First of all, the Constitution itself guarantees protection of

the God-given right to religious liberty,

protecting religions and individual believers

from any oppression whatsoever by the government.

This reflected the founders strongly held belief in

the absolute importance of the positive effect of religion

to the success of the American experiment.

As George Washington himself wrote in his Farewell Address:

“Of all the dispositions and habits which lead to political prosperity,

religion and morality are indispensable supports….”

…[R]eason and experience both forbid us to expect

that national morality can prevail

in exclusion of religious principle.”


Not only that, it is a moral doctrine of Catholicism itself

that Catholics must be loyal to our own countries

and be obedient to our country’s government and its just laws.

In other words, the Church says you’re a bad Catholic if you’re a bad citizen.


Finally, as I said earlier, it is Catholic moral doctrine that we are free

to make decisions according to our own individual consciences,

subject only to the truths expressed in the doctrines and dogmas our faith.


Sadly, largely because of the historical push

to be seen as loyal and mainstream Americans,

for too many Catholics in America

their Catholicism has become more and more like

an ethnicity than a deeply held conviction and a passionate way of life:

they take their fundamental values not from Christ and His Church,

but from either the popular American culture,

or, amazingly, from the decrees of government itself.

So that if the Supreme Court says abortion is okay,

many Catholics American think it must be okay.

And if the President says it’s time to approve so-called “same-sex-marriage,”         many Catholic Americans go along.
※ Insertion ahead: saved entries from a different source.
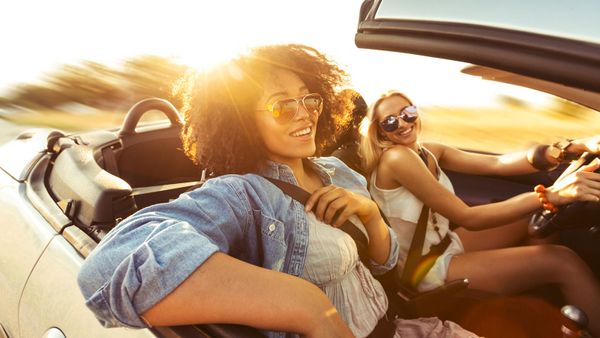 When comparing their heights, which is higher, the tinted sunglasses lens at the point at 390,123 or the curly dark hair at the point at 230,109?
the curly dark hair at the point at 230,109

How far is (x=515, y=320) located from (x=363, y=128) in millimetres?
1008

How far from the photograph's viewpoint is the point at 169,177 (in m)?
3.27

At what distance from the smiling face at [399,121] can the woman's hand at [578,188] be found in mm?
622

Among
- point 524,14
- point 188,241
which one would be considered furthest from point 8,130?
point 524,14

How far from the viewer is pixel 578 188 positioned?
182cm

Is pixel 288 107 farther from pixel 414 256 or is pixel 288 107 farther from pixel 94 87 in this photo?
pixel 94 87

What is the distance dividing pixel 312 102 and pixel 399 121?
0.79 meters

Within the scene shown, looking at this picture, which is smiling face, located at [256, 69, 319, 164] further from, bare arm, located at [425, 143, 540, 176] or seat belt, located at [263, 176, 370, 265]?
bare arm, located at [425, 143, 540, 176]

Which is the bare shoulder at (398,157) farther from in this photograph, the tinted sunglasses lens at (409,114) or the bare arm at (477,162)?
the bare arm at (477,162)

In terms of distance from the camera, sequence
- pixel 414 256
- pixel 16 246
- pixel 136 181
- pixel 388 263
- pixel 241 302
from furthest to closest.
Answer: pixel 136 181 → pixel 414 256 → pixel 16 246 → pixel 388 263 → pixel 241 302

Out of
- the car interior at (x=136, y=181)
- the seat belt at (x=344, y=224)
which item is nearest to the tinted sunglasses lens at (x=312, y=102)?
the seat belt at (x=344, y=224)

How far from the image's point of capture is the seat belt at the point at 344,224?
1454mm

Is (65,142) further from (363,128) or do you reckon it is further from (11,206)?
(363,128)

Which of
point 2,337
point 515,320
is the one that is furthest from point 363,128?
point 2,337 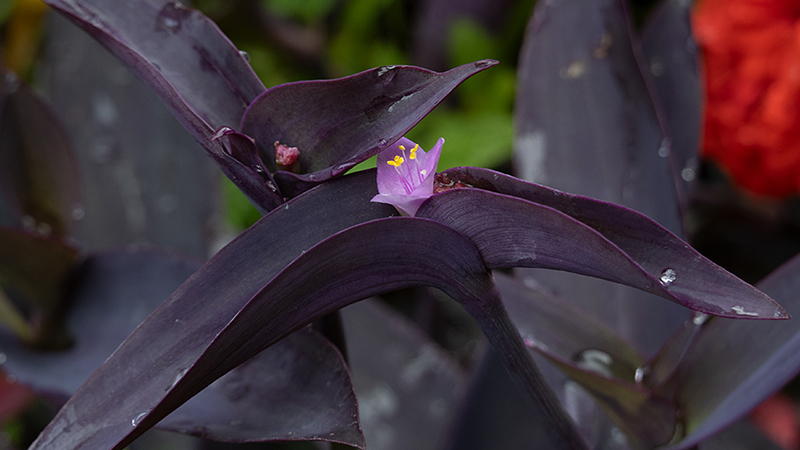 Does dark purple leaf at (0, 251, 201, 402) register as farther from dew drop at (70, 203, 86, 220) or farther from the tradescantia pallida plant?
the tradescantia pallida plant

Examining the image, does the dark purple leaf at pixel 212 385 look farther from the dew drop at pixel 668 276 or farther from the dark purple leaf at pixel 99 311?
the dew drop at pixel 668 276

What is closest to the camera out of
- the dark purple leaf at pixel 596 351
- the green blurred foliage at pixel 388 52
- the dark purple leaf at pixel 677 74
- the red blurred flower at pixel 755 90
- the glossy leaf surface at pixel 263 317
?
the glossy leaf surface at pixel 263 317

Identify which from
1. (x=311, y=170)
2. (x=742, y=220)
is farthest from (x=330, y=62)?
(x=311, y=170)

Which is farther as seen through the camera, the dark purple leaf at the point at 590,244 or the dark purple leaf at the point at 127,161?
the dark purple leaf at the point at 127,161

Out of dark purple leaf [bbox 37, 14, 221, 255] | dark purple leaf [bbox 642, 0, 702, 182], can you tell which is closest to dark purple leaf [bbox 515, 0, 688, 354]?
dark purple leaf [bbox 642, 0, 702, 182]

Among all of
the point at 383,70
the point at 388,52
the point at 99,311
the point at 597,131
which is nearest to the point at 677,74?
the point at 597,131

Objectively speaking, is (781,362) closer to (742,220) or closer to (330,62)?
(742,220)

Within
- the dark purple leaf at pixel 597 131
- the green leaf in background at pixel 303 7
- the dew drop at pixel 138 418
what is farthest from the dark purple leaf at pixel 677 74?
the green leaf in background at pixel 303 7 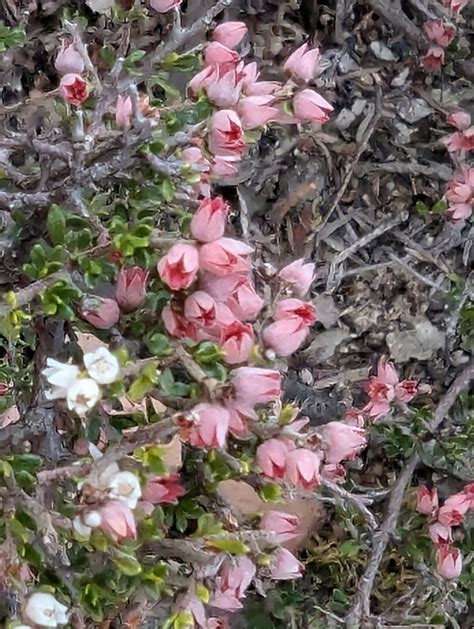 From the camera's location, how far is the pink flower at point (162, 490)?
0.95 meters

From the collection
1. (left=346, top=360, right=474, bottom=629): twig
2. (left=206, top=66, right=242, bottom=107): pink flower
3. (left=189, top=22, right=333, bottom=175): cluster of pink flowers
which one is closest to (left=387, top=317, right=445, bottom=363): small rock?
(left=346, top=360, right=474, bottom=629): twig

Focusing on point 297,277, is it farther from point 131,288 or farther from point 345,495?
point 345,495

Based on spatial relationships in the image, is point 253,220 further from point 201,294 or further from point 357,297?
point 201,294

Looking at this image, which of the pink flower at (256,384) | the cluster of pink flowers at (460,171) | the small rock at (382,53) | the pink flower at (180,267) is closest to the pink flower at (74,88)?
the pink flower at (180,267)

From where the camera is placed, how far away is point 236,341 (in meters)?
0.91

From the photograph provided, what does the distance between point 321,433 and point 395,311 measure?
917mm

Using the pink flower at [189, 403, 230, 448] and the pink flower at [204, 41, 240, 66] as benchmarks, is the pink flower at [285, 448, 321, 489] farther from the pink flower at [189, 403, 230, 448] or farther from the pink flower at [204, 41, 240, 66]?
the pink flower at [204, 41, 240, 66]

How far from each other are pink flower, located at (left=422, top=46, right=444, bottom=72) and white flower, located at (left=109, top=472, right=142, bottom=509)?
1263 millimetres

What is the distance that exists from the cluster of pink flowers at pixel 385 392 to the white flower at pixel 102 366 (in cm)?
69

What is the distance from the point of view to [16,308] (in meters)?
0.94

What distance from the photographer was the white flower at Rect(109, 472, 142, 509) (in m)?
0.86

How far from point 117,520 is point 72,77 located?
0.47m

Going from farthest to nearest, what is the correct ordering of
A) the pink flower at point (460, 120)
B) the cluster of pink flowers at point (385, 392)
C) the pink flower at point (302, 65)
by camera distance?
1. the pink flower at point (460, 120)
2. the cluster of pink flowers at point (385, 392)
3. the pink flower at point (302, 65)

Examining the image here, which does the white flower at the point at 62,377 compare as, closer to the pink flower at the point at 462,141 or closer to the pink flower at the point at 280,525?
the pink flower at the point at 280,525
But it cannot be that way.


I love America, and I firmly believe it is the greatest nation in the history of man,

and I honor the great and brave men and women

who have sacrificed to make it so.

But our loyalty to America is not a blind loyalty.


First of all, it is a loyalty not to government officials

but to government established by

“We the People….in order to form a more perfect union,

establish justice, …and secure the blessings of liberty…”

A “government of the people, by the people, for the people.”

We the People, as individuals, making free choices

based on our own individual moral values—and religions—:

this is what our American government is about—or is supposed to be about.

So that we Catholics are good Americans when we think like Catholics

and demand that our Catholic values,

our understanding of right and wrong, good and evil,

justice and oppression

be respected and protected.

Never imposed, but proposed by debate and democratic elections,

and even codified in law when accepted

by the majority of our fellow Americans.


And when I say “think like Catholics”, I don’t mean that we all have to

have the same policy solution to every problem,

or agree in every judgment we make.

But as Catholics every moral choice,

must always be rooted in and consistent with the principles and doctrines

of our Catholic faith and morals

—because they express the teaching of Jesus,

the Word of God, himself.


Again, for example, we can NOT say we’re Catholics

if we deny that we are obliged, in some real way, to take care of the poor.

But you and I can disagree,

and we can even disagree with our Bishops and even our Pope,

on the best way, practically speaking, to take care of the poor.


And we can disagree, for example, on just how

to protect people from unjust discrimination,

but as Catholics we can never say that it is discrimination to hold that

marriage can only be the union of one man and one woman.


Sadly, in recent years the old prejudices against Catholicism

have crept back into the American ethos,

as many demand that Catholics leave their morals and principles

at home or in the pew and not bring them

into the public square or the voting booth.

In fact, it’s ironic that this demand is also being made

against the children of Protestants who questioned the loyalty of Catholics

like John Kennedy 50 years ago.

More irony: Kennedy, in that same speech warned this would happen:

“Today I may be the victim, but tomorrow it may be you —

until the whole fabric of our harmonious society

is ripped at a time of great national peril.”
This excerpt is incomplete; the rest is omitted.